General Usage

Introduction

The tests provided by MCMCTesting are frequentist hypothesis tests for testing the correctness of MCMC kernels. In particular, it compute the p-value for the null hypothesis that the MCMC kernel has the correct stationary distribution against the alternative hypothesis that it doesn't.

Currently, MCMCTesting provide three different tests originally proposed by Gandy and Scott[gandyandscott2021]:

  1. Simple Two-Sample Test
  2. Two-Sample Test with an Additional Gibbs Step
  3. Exact Rank Test

The two-sample tests are generally applicable. On the other hand, the exact rank test assumes that the MCMC kernel is reversible. Therefore, it can specifically be used to test reversibility.

Interface

The user needs to implement the following function specializations for the model and kernel subject to the test.

MCMCTesting.sample_jointFunction
sample_joint(rng, model)

Sample from the joint distribution of the prior and the predictive distribution of model.

Arguments

  • rng::Random.AbstractRNG: Random number generator.
  • model: Model subject to test.

Returns

  • θ: Model parameter sampled from the prior p(θ).
  • y: Data generated from conditionally on θ from p(y|θ)
source
MCMCTesting.markovchain_transitionFunction
markovchain_transition(rng, model, kernel, θ, y)

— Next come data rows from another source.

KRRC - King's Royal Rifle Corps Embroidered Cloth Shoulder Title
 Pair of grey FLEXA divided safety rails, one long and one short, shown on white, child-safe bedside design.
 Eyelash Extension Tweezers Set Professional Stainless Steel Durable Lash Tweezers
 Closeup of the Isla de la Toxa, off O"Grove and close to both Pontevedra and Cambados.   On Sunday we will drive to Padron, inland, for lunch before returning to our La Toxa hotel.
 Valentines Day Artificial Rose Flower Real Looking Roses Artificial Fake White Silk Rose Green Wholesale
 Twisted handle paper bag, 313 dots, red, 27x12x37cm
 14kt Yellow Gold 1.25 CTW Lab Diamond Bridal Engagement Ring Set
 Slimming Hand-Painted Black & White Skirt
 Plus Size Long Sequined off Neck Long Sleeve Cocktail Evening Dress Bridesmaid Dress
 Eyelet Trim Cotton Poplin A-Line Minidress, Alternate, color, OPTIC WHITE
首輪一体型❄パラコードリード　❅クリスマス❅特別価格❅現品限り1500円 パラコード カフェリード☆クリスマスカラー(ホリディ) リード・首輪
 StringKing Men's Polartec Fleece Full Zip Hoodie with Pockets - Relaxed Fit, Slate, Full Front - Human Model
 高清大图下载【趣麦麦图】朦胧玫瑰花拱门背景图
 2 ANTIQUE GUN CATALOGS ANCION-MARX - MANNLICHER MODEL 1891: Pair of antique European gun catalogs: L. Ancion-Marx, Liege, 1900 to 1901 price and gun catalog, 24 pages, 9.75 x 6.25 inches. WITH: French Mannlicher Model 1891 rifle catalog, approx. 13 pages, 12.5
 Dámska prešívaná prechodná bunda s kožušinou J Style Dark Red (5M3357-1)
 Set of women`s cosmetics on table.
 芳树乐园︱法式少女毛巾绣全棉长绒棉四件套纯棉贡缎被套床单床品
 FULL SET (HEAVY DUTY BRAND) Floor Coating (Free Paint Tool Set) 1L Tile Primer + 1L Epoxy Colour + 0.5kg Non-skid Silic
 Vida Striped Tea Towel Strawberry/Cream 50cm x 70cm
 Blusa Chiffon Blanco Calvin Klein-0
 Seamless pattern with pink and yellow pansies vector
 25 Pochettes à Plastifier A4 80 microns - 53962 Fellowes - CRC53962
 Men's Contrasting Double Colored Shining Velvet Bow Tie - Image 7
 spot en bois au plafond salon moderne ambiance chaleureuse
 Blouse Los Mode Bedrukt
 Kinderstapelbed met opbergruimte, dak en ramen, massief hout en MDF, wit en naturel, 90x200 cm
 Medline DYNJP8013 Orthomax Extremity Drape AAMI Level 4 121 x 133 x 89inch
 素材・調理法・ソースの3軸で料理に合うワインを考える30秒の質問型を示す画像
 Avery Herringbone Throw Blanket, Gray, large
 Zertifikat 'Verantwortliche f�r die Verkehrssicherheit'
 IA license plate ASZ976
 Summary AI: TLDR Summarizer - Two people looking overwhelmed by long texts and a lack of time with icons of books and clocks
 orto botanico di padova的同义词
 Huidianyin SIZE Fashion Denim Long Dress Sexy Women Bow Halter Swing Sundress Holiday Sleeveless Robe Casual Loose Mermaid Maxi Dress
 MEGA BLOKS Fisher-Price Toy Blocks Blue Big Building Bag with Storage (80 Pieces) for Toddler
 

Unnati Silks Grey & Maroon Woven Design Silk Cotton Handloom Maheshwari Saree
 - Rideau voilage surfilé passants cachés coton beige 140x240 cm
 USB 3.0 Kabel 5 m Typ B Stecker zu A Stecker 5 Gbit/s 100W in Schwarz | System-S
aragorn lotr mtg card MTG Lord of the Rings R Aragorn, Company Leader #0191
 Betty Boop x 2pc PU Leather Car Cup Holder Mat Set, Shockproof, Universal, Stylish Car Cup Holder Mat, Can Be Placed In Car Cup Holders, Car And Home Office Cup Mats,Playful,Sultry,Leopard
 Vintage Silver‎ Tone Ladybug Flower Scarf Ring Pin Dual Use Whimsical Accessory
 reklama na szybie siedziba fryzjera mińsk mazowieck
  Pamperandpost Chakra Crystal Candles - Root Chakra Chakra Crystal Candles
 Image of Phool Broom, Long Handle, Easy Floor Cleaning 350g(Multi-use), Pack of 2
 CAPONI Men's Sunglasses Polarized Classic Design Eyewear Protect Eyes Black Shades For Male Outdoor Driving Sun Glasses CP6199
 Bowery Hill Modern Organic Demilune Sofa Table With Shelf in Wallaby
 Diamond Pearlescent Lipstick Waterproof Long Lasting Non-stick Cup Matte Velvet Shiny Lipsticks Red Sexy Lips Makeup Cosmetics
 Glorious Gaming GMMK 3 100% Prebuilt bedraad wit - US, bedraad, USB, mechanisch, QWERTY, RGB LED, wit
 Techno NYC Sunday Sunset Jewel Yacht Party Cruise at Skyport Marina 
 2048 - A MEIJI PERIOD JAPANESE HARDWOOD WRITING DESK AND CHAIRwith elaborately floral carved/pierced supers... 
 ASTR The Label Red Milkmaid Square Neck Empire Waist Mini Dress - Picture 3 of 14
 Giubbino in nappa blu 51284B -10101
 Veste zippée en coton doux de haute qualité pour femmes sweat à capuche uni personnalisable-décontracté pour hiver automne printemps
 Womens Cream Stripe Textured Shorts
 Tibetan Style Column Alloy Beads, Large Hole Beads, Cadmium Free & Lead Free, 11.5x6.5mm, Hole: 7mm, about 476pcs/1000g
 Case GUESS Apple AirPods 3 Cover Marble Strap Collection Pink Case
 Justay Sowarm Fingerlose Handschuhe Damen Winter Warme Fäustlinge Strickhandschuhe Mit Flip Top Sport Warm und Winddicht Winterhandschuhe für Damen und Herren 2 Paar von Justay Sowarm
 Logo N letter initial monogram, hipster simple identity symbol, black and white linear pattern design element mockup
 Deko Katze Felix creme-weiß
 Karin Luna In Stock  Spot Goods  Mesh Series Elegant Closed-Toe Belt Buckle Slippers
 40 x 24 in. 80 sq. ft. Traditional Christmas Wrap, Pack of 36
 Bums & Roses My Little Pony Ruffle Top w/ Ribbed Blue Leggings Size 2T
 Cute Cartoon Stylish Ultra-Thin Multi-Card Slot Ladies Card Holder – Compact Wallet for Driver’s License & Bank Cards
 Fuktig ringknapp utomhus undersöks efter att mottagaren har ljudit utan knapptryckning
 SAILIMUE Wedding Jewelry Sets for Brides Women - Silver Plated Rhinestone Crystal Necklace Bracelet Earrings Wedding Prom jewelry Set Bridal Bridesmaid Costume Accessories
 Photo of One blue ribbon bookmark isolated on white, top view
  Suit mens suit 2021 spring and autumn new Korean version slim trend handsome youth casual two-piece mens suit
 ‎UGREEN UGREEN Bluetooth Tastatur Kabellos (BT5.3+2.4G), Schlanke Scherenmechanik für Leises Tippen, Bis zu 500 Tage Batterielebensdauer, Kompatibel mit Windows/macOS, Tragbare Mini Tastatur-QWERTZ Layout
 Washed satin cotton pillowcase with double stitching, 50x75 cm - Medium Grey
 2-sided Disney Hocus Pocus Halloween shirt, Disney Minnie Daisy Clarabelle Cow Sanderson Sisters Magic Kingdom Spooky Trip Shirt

Perform a single Markov chain transition of kernel on the previous state θ targeting the posterior of model conditioned on y.

Arguments

  • rng::Random.AbstractRNG: Random number generator.
  • model: Model forming the posterior p(θ|y) conditioned on y.
  • θ: Previous state of the Markov chain.
  • y: Data to condition on.

Returns

  • θ′: Next state of the Markov chain.
source

Some tests might be require additional interfaces to be implemented. For an overview of how to implement these interfaces, refer to the tutorial.

The model and kernel are then passed to MCMCTesting through the following struct:

MCMCTesting.TestSubjectType
TestSubject(model, kernel)

Model and MCMC kernel obejct subject to test.

Arguments

  • model: Model subject to test.
  • kernel: MCMC kernel subject to test.
source

Simulating a P-Value with mcmctest

Each of the test internally run simulations and compute a single p-value through the following routine:

MCMCTesting.mcmctestFunction
mcmctest([rng,] test, subject; kwargs...)

Sample a p-value according to test for subject

Arguments

  • rng::Random.AbstractRNG: Random number generator. (Default: Random.default_rng().)
  • test::AbstractMCMCTest: Test strategy.
  • subject::TestSubject: MCMC algorithm and model subject to test.

Keyword Arguments

  • show_progress::Bool: Whether to show the progress bar. (Default: true.)
  • statistics: Function for computing test statistics from samples generated from the tests. (See section below for additional description.)
  • Check the documentation for the respective test strategy for additional keyword arugments.

Custom Test Statistics

The statistics used for the hypothesis tests can be modified by passing a custom funciton to statistics. The default statistics are the first and second moments computed as below.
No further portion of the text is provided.